El Rancho Izaguirre develó la existencia en México de campos de reclutamiento-reclusión forzada, espacios que al igual que el Gulag soviético son usados de forma itinerante, alejados y cercanos de los centros poblacionales. Son espacios que no están pensados para un uso permanente. Esos campos de reclutamiento-reclusión forzada son el prototipo del afianzamiento del mencionado “totalitarismo narco”, esa empresa nacional y trasnacional que ha crecido con la aquiescencia de las esferas gubernamentales de todos los niveles y que se alimenta a partir de las pobrezas, precariedades y vulnerabilidad que permean a los sectores, principalmente, juveniles y profesionales.

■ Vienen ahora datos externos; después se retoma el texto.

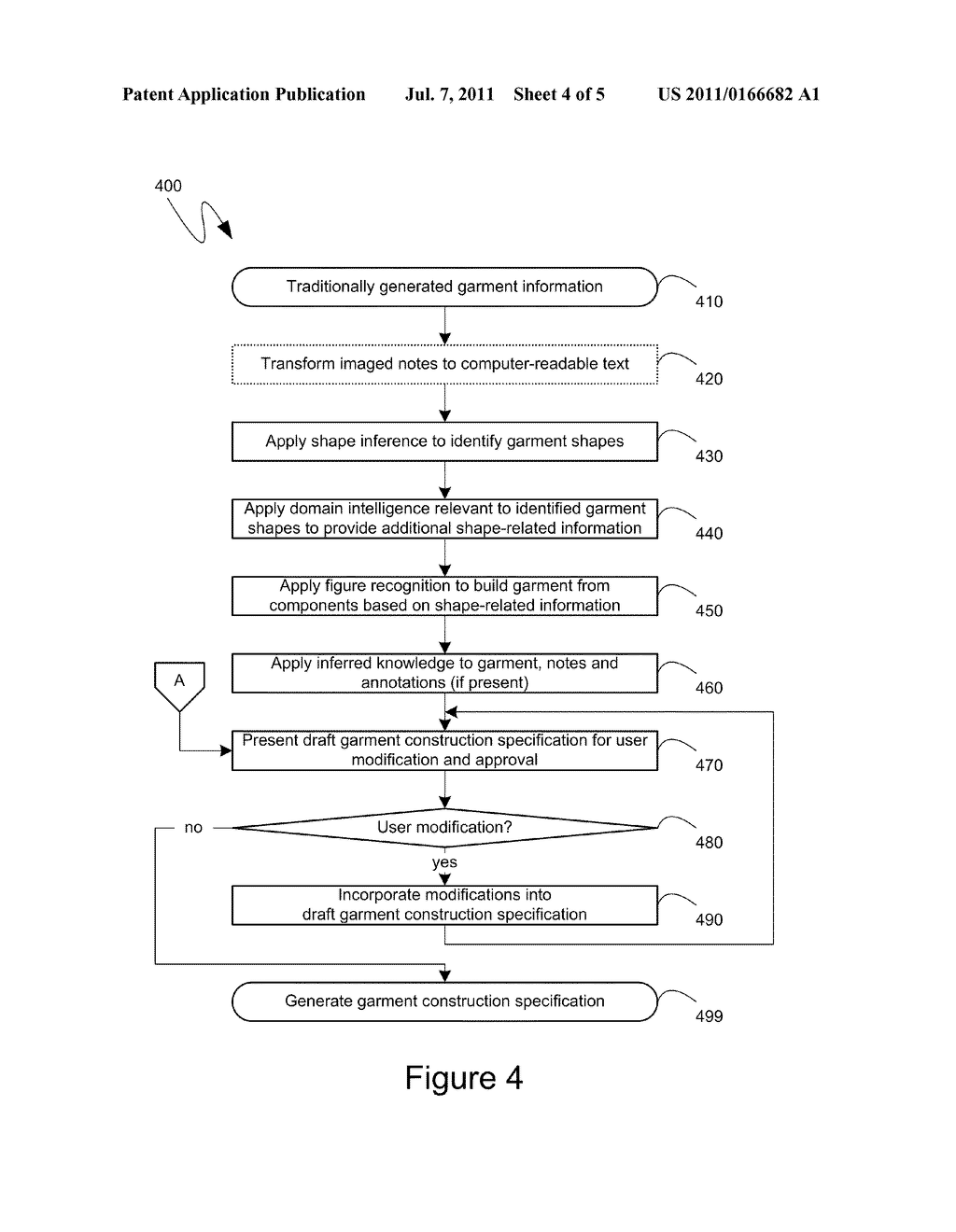 AUTOMATED GENERATION OF GARMENT CONSTRUCTION SPECIFICATION - diagram, schematic, and image 05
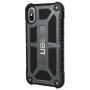 Carcasă extrem de rezistentă UAG Monarch, pentru Apple iPhone XS / iPhone X - grafit
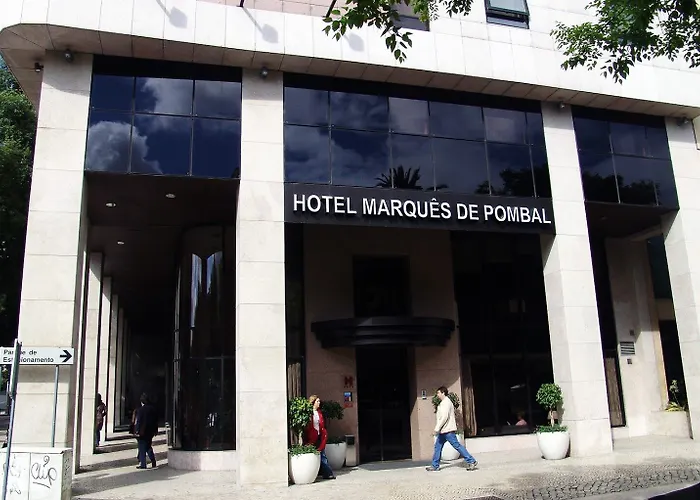 Отель Marques De Pombal 4*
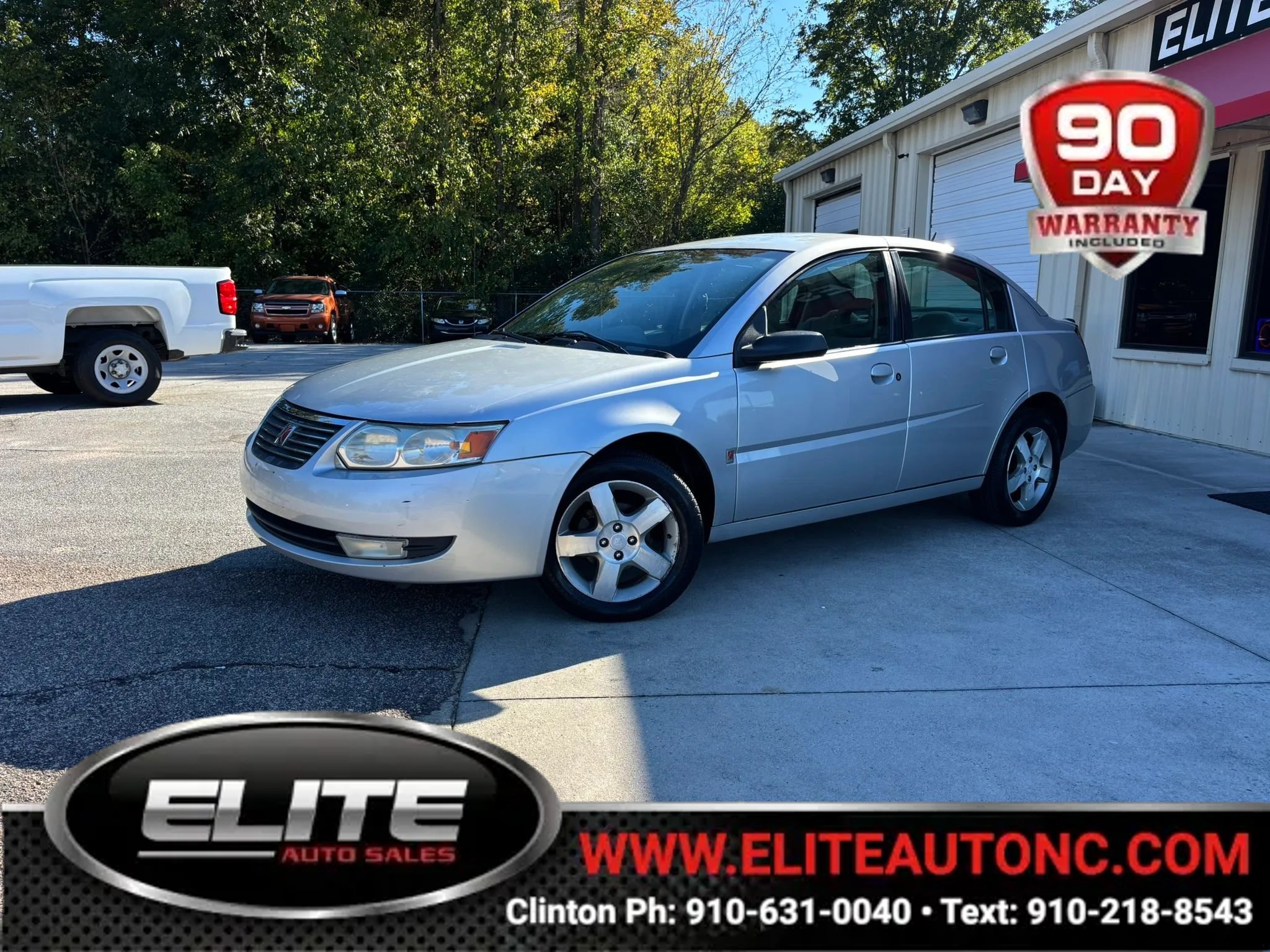 Used 2007 Saturn ION Level 3 w/ Enhanced Performance Pkg FWD image 1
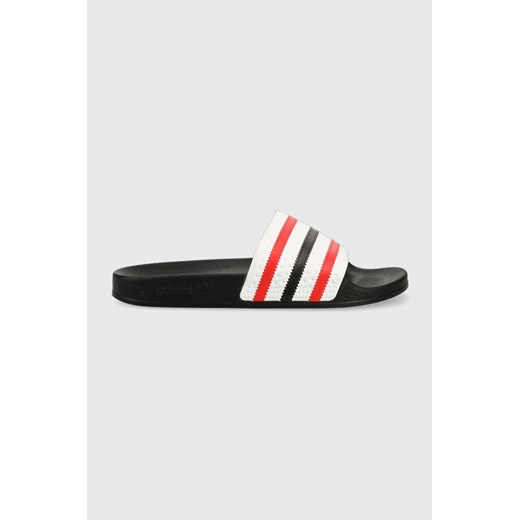 adidas Originals klapki Adilette kolor czarny IG7502 ze sklepu PRM w kategorii Klapki damskie - zdjęcie 161418015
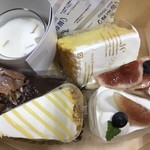 パティスリー　オゥ・ポワヴル - 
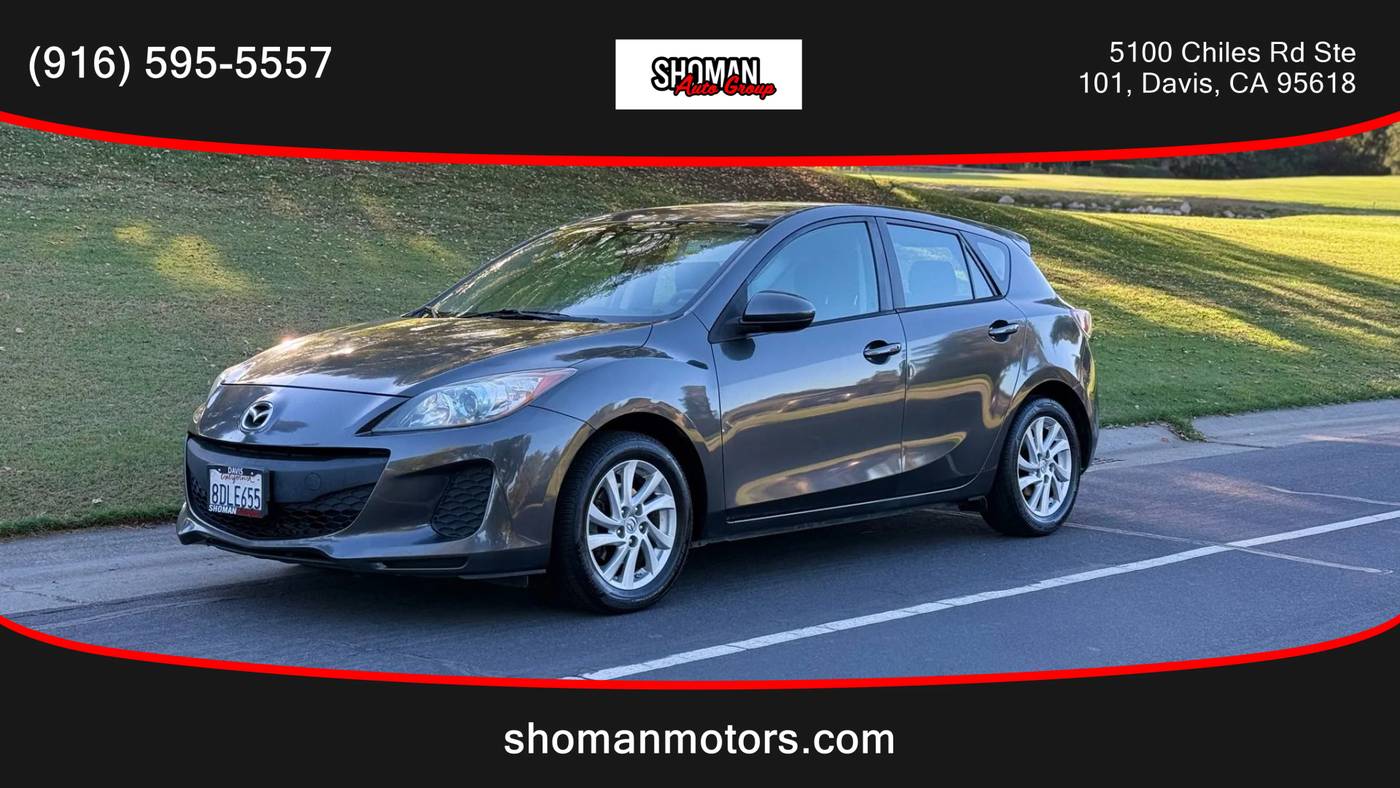 2012 Mazda Mazda3 i Touring — Hatchback — 145,467 mi — Davis, CA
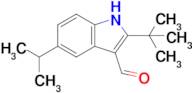 2-(Tert-butyl)-5-isopropyl-1H-indole-3-carbaldehyde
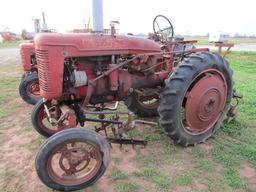 IH Farmall Tractor & Attachments
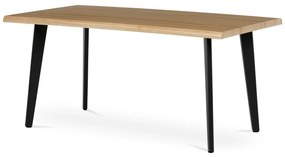 Étkezőasztal 160 x 90 cm, régi fa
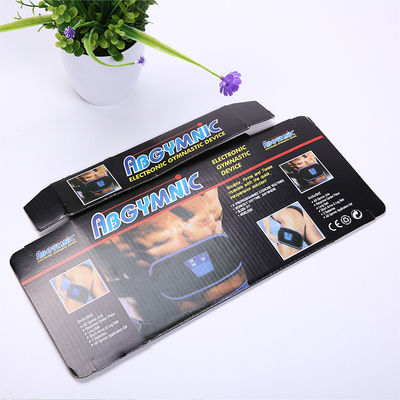 Einzelhandel Kartonverpackung Box Logo druckbar für Crossfit-Ausrüstung Pakete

Jóvenes que, a ojos de esas empresas ilegales son interminables ejércitos de reserva laboral-forzada, los cuales son cooptados con la promesa de un futuro mejor a través de un empleo en sus múltiples negocios ilegales y legales.
 
Al igual que el Gulag ruso, el campo de trabajo forzado en México funge como un proceso ilegal para purgar a los sectores sociales que representan cuerpos desechables y administrables a través del vínculo laboral ilegal. Jóvenes que no son considerados ni siquiera mano de obra barata, sino por el contrario, mano de obra gratuita gracias a la precarización laboral formal y la desmedida existencia de técnicos y profesionales que engrosan las filas del desempleo y la precariedad.
 
Las personas retenidas forzadamente suelen ocupar los puestos más bajos en la compleja estratificación burocrática de las empresas ilegales, incluido el narcotráfico. Al igual que el Gulag, el Rancho Izaguirre develó que los retenidos tenían simbólicamente la connotación de parias, personas sin valor para el cuerpo social nacional, jóvenes a los que, en apariencia, el estar fuera del campo concentracionario de trabajo forzado no les representa una opción, como si su movilidad y ascenso social fuera algo imposible a través del trabajo legal.
 
Los parámetros de lo horroroso en México se difuminan, cada sexenio la capacidad de asombro ante el horror se renueva, a pesar de las múltiples peripecias y disputas lingüísticas ente los actores legales e ilegales. Asistimos a la era del “tatalitarismo narco”, que al estilo soviético, se reproduce en las purezas éticas y morales de nuestra democracia mexicana.
 
En cada sexenio perdemos algo que nunca regresará, en este aún prematuro sexenio parece perdemos la posibilidad de lenguaje, del nombrar y negar la experiencia como evidencia del latente horror. Más lejos estamos de la verdad, justicia, reparación y la no repetición. El cinismo del gobierno mexicano es análogo al del soviet en torno al Gulag, predomina el negacionismo y la impunidad.